Dielectric and electrical transport properties of alkaline earth vanadate glasses

Abstract

Glasses formed from transition metal oxides have shown tailorable electrical and optical properties depending on the valence state and individual element. Vanadate glasses have received specific attention for their high conductivities as compared to most glass families. In this study, the frequency-dependent capacitance and direct current (dc) conductivity properties of alkaline earth vanadate glasses were investigated. Glasses in the xSrO–(100 − x)V₂O₅ and xBaO–(100 − x)V₂O₅ systems, where x = 30, 40, and 50 in mol%, were prepared via melt-quench synthesis.

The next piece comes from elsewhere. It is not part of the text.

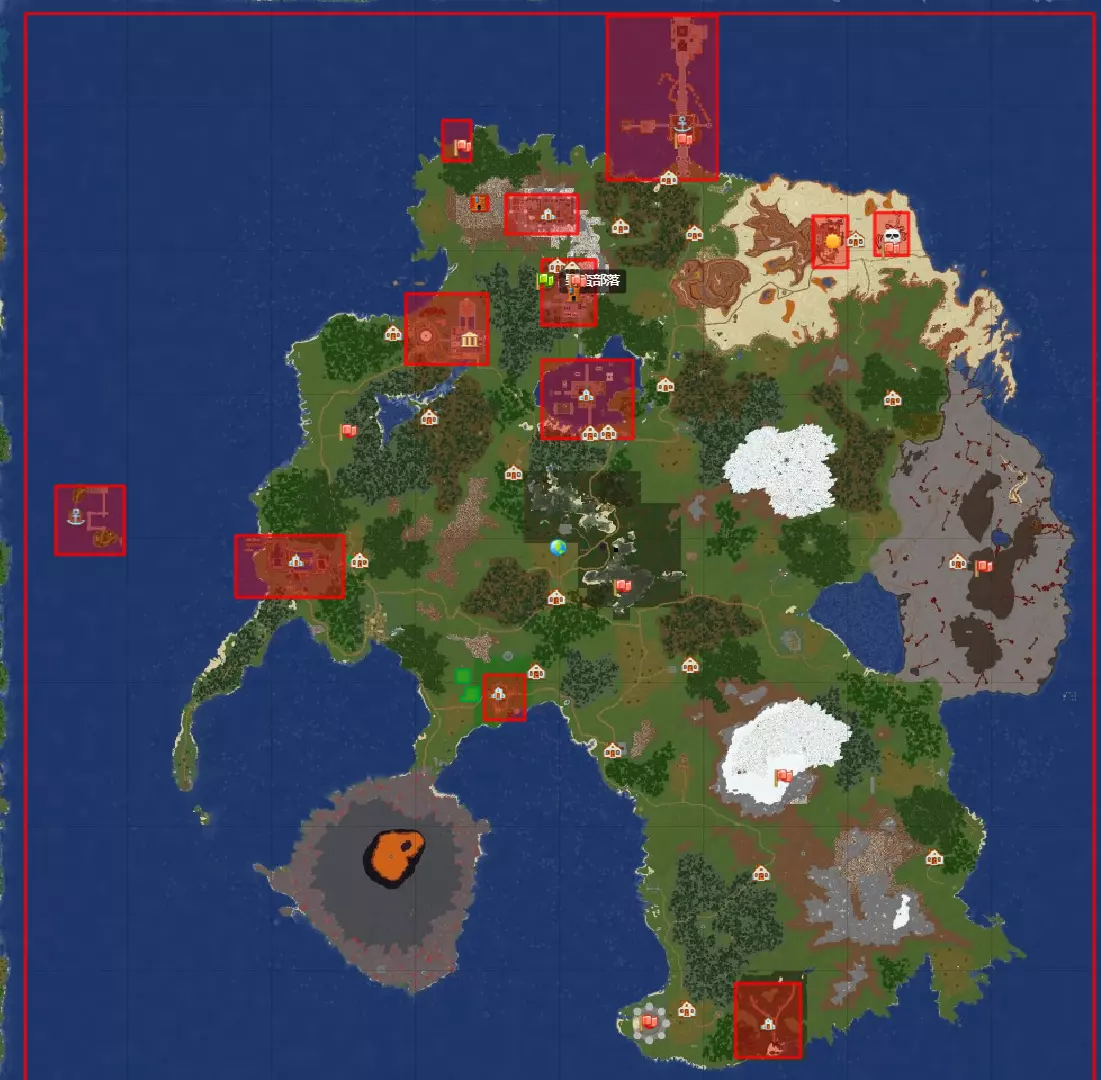 我的世界部落冲突服务器一览2025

Capacitance measurements were used to calculate dielectric constants, dielectric loss, and alternating current (ac) conductivity for each sample. Dielectric constants varied between 10–13 and 14–16 for SrO–V₂O₅ and BaO–V₂O₅ glasses, respectively, at 1 MHz. Current measurements were made as a function of temperature and voltage for each glass sample. A strong dependence on vanadate content was noted where temperature had a less strong effect. Activation energies were calculated to describe electrical transport mechanisms. All samples showed activation energies governed by electron hopping mechanisms. Such vanadate glasses have properties suitable for applications as cathode materials for batteries, solid state electrolytes, and conductive glass paste with potential for electro-optic effects involving nonlinear processes.